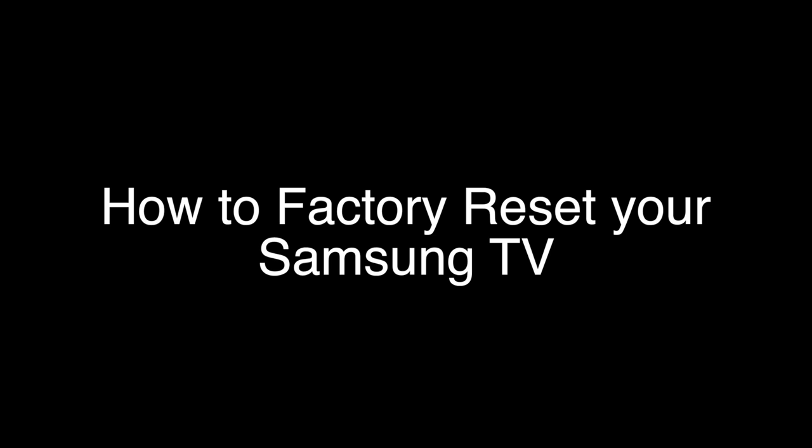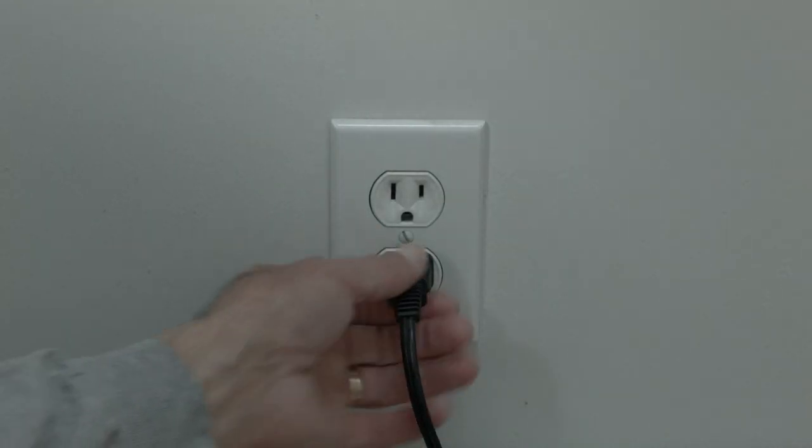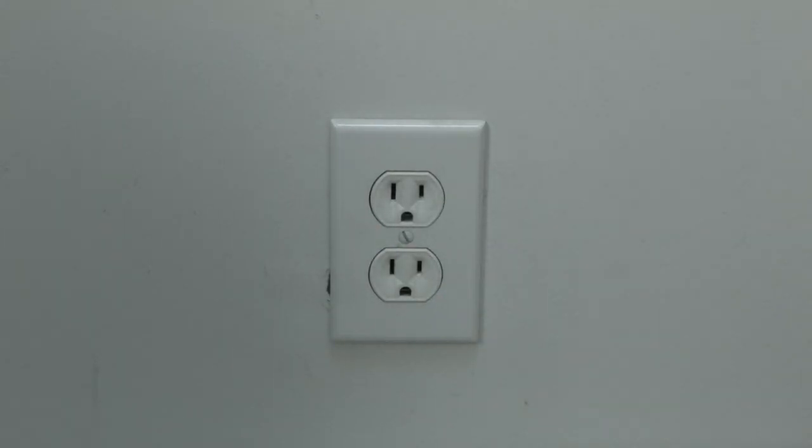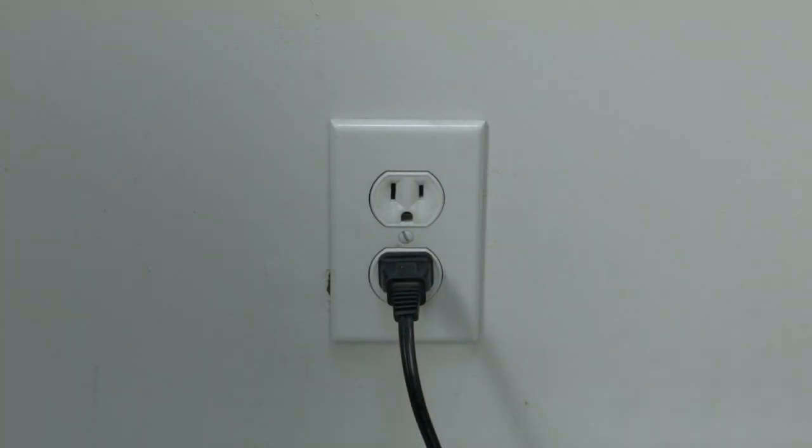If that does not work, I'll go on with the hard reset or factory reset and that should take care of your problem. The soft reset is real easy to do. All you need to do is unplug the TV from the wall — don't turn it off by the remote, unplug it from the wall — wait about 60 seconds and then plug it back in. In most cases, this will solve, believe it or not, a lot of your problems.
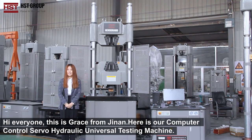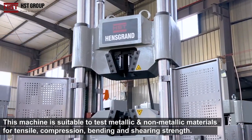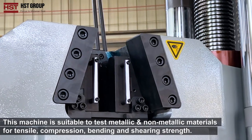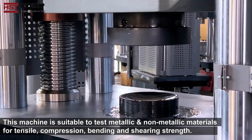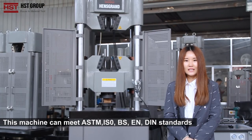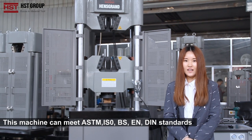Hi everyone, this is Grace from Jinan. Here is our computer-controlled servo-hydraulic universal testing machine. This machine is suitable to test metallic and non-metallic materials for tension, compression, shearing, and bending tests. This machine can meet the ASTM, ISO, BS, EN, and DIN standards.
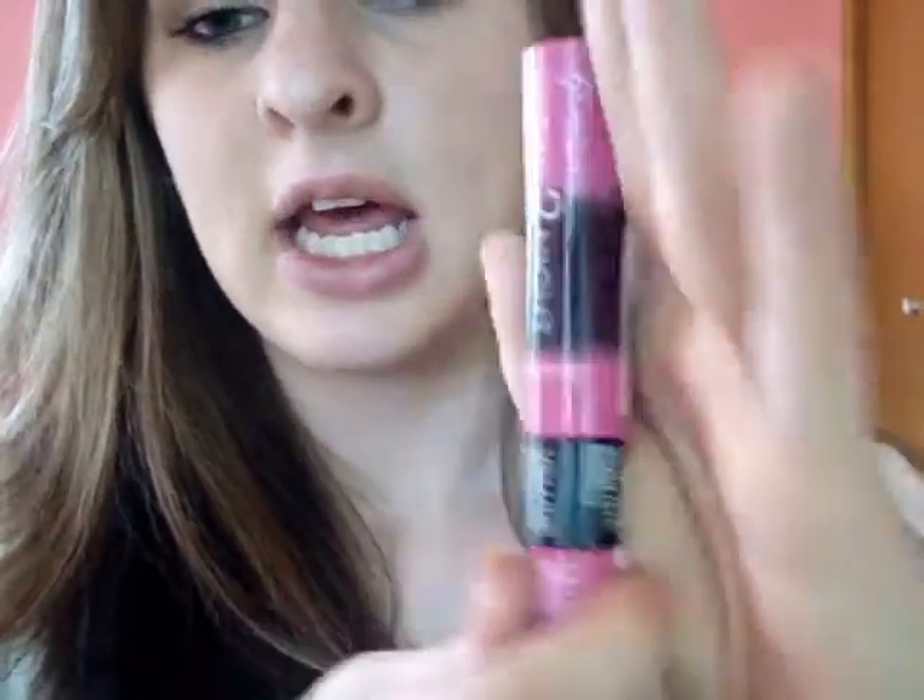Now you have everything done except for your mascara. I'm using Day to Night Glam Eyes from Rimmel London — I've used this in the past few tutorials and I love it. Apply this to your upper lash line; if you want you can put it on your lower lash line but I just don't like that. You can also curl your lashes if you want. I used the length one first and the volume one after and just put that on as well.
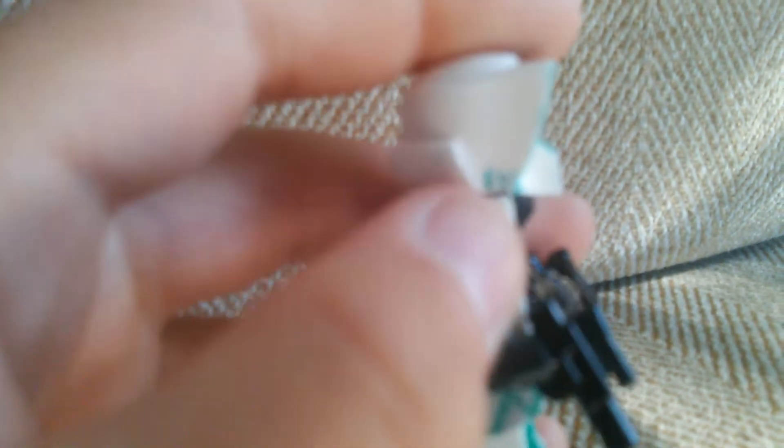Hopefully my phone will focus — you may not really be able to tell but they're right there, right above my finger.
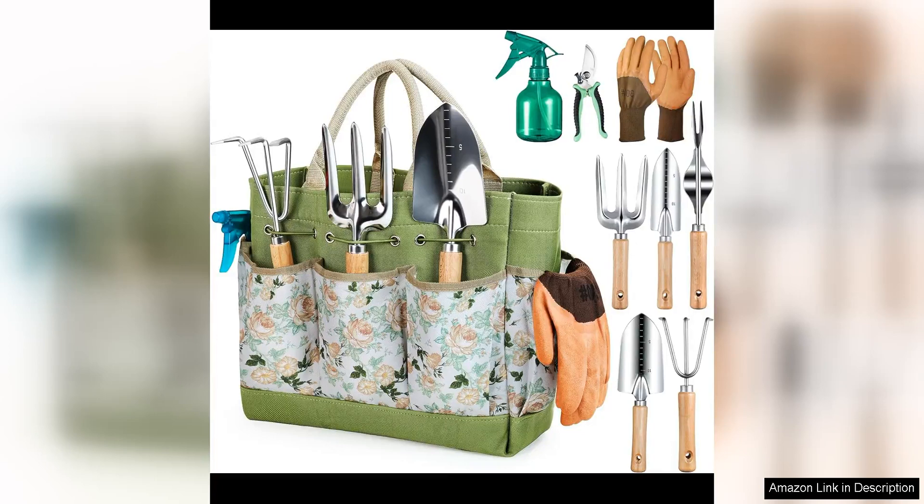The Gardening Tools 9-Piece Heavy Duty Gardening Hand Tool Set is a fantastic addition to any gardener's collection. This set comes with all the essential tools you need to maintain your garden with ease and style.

= = = = = = =

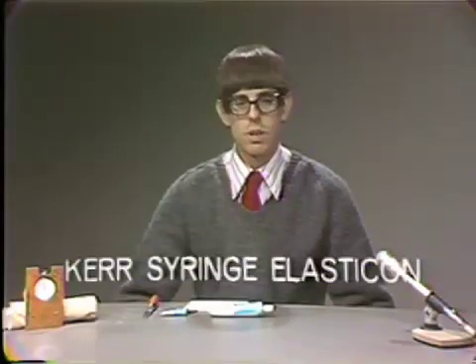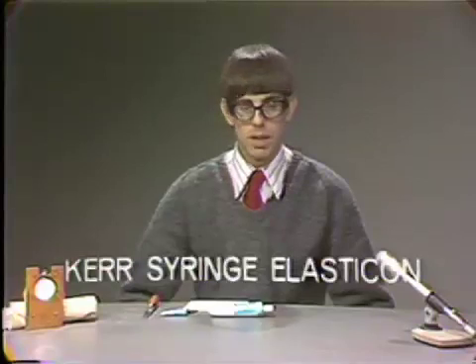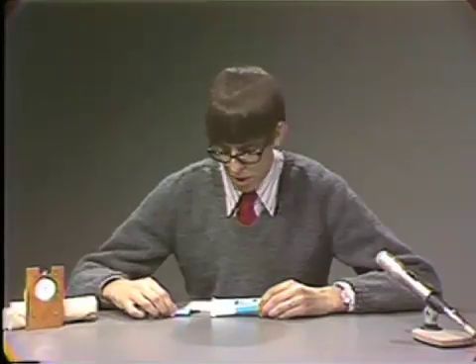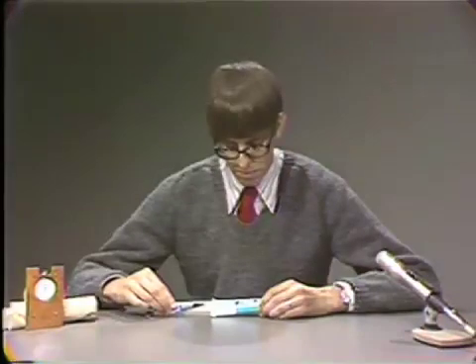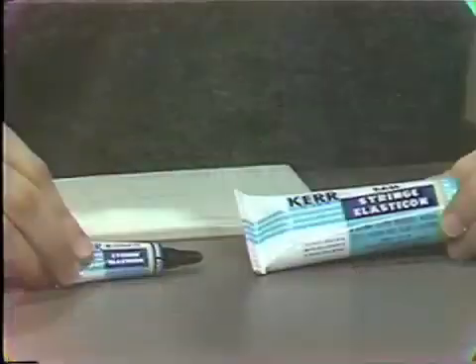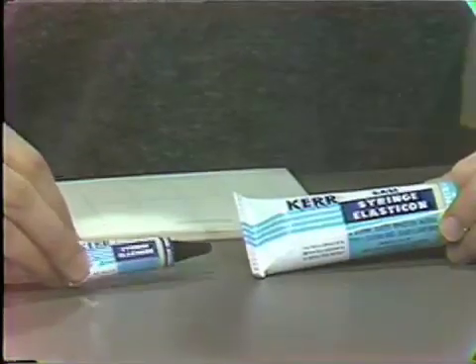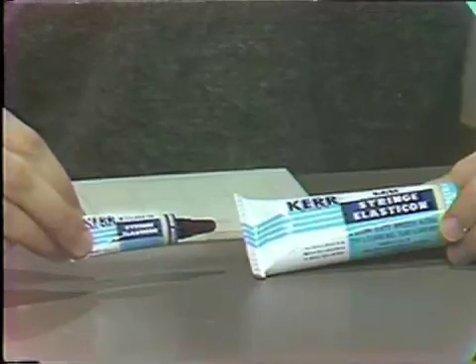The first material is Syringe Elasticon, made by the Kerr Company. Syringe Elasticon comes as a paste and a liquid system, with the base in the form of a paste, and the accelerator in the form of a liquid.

= = = = = = =

= Task details =
Exact copy, no pictures. Write out the lines in the entries above, starting with the line with "Now you have" and going on through the line with "Hopefully my phone", keeping both.

= Output below =
Now you have everything done except for your mascara. I'm using Day to Night Glam Eyes from Rimmel London — I've used this in the past few tutorials and I love it. Apply this to your upper lash line; if you want you can put it on your lower lash line but I just don't like that. You can also curl your lashes if you want. I used the length one first and the volume one after and just put that on as well.
Hopefully my phone will focus — you may not really be able to tell but they're right there, right above my finger.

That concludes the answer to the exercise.